I do wonder how realistic this problem is in real life.
> The following patch fixes the quadratic behavior, by optionally
> allowing prune_dcache() to prune ancestors of a dentry in one go,
> instead of doing it one at a time.
>
> Common code in dput() and prune_one_dentry() is extracted into a new
> helper function d_kill().
>
> shrink_dcache_parent() as well as shrink_dcache_sb() are converted to
> use the ancestry-pruner option. Only for shrink_dcache_memory() is
> this behavior not desirable, so it keeps using the old algorithm.
>
I wonder if we should be setting shrink_parents=1 in
shrink_dcache_memory()? Because we have this problem where the dentry
slabs suffer lots of internal fragmentation and we end up with whole slab
pages pinned by a single directory dentry. I expect that if
shrink_dcache_memory() were aggressive about reaping newly-childless
directory dentries, some improvements might be realised there.
If so, we should change prune_dcache() to return the number pruned, so that
shrink_dcache_memory() can keep its arithmetic correct. Would require some
careful testing and is out of scope for your work.
> "The file system mounted on /tmp/z in the example contains 2^50
> directories". heh.
>
> I do wonder how realistic this problem is in real life.
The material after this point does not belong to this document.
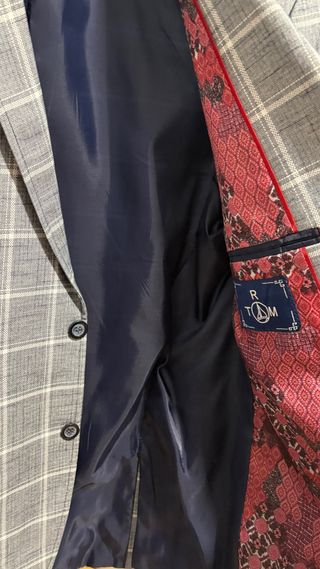 Chaqueta americana cuadros gris y azul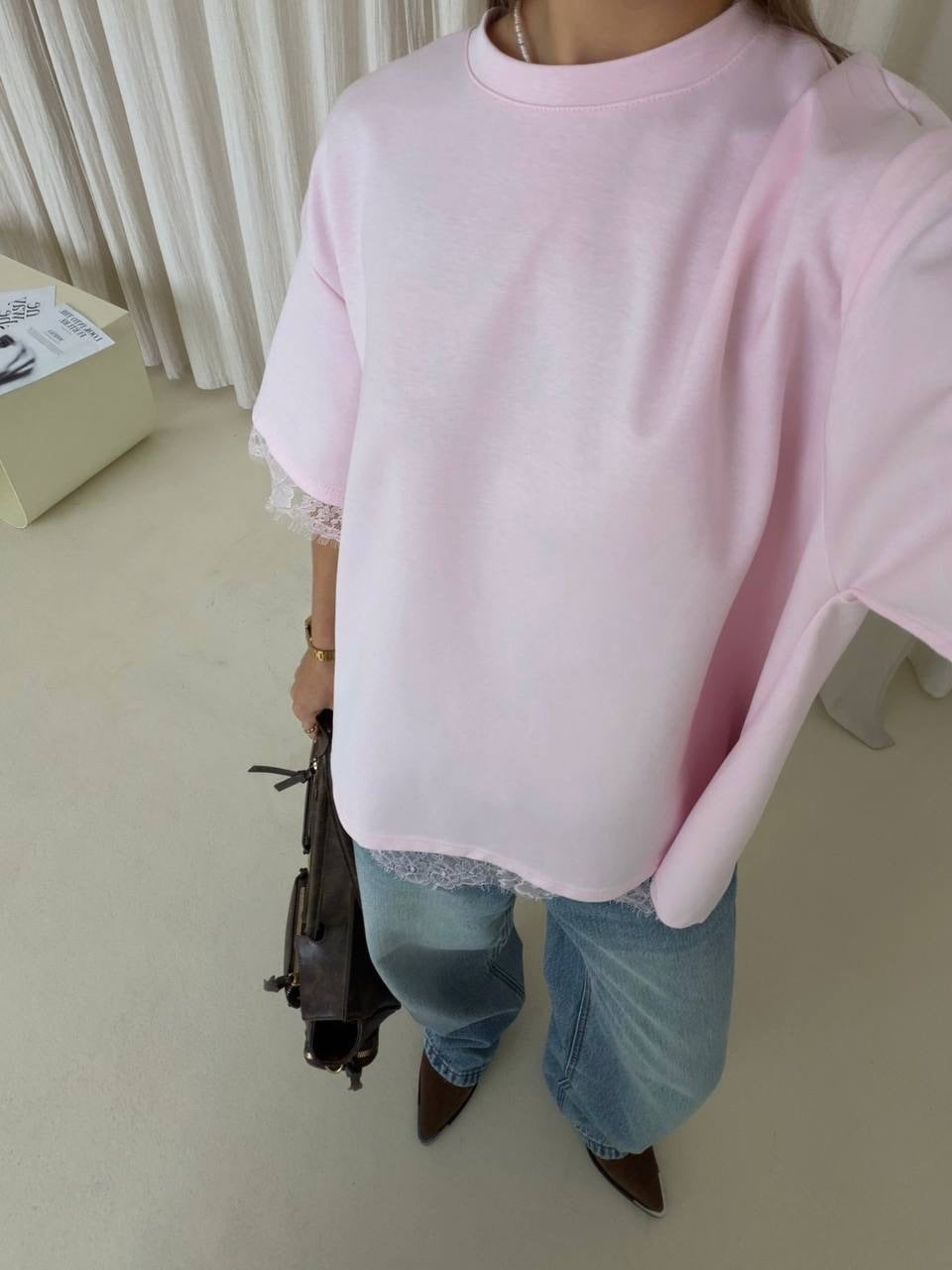 Blusa Oversize Encaje Soft Touch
That's a fair concern, although I was trying this as part
of evaluating how much someone could hose a system
if we let them mount arbitrary FUSE servers. And the
answer is: they could make it completely unusable,
requiring reboot.
I ran a later test that printed how deep it got into
the file tree and it was only a few hundred thousand
if I recall correctly. A determined attacker might even
manage to do this in a normal file system.
But sure, it's not a common case. ;-)
Russ
On Fri, 9 Feb 2007 19:23:31 -0500
"Russ Cox" <[email protected]> wrote:
> > "The file system mounted on /tmp/z in the example contains 2^50
> > directories". heh.
> >
> > I do wonder how realistic this problem is in real life.
>
> That's a fair concern, although I was trying this as part
> of evaluating how much someone could hose a system
> if we let them mount arbitrary FUSE servers. And the
> answer is: they could make it completely unusable,
> requiring reboot.
>
> I ran a later test that printed how deep it got into
> the file tree and it was only a few hundred thousand
> if I recall correctly. A determined attacker might even
> manage to do this in a normal file system.
>
> But sure, it's not a common case. ;-)
Well that's a good point - sometimes people do crazy things on purpose. We
were all University students once ;)
The patches look nice and as I said, potentially of some use for memory
reclaim. But I hope that someone who has worked on dcache.c more recently
than I has time to apply a toothcomb to this work.
> > "The file system mounted on /tmp/z in the example contains 2^50
> > directories". heh.
> >
> > I do wonder how realistic this problem is in real life.
>
> That's a fair concern, although I was trying this as part
> of evaluating how much someone could hose a system
> if we let them mount arbitrary FUSE servers. And the
> answer is: they could make it completely unusable,
> requiring reboot.
>
> I ran a later test that printed how deep it got into
> the file tree and it was only a few hundred thousand
> if I recall correctly. A determined attacker might even
> manage to do this in a normal file system.
Unfortunately this patch doesn't completely solve this problem, since
the system will still be hosed due to all memory being used up by
dentries. And I bet the OOM killer won't find the real target (du)
but will kill anything before that.
So the second part of the problem is to somehow limit the number of
dentries used. Not easy...
Miklos
Miklos Szeredi <[email protected]> writes:
> So the second part of the problem is to somehow limit the number of
> dentries used. Not easy...
OpenVZ has some existing work in this area to separate their virtual machines.
I assume they will eventually submit it.
-Andi
> Unfortunately this patch doesn't completely solve this problem, since
> the system will still be hosed due to all memory being used up by
> dentries. And I bet the OOM killer won't find the real target (du)
> but will kill anything before that.
>
> So the second part of the problem is to somehow limit the number of
> dentries used. Not easy...
At least with this patch (if I am reading it correctly), once the offending
culprit is identified and the programs are killed off, everything will go
back to normal without a reboot.
Russ
> > Unfortunately this patch doesn't completely solve this problem, since
> > the system will still be hosed due to all memory being used up by
> > dentries. And I bet the OOM killer won't find the real target (du)
> > but will kill anything before that.
> >
> > So the second part of the problem is to somehow limit the number of
> > dentries used. Not easy...
>
> At least with this patch (if I am reading it correctly), once the offending
> culprit is identified and the programs are killed off, everything will go
> back to normal without a reboot.
Yes, it's basically a "normal" OOM situation. What makes it worse
than usual, is that it's _kernel_ memory being used up which is not
attributed to any process.
So from the OOM killer's point of view it looks like none of the
userspace programs are responsible for the OOM, and it will just
select targets randomly.
By the time it has come to the actual culprits (the filesystem daemon
and 'du') it will have killed almost everything useful.
So it's definitely better than without the patch, but still has room
for improvement.
Thanks,
Miklos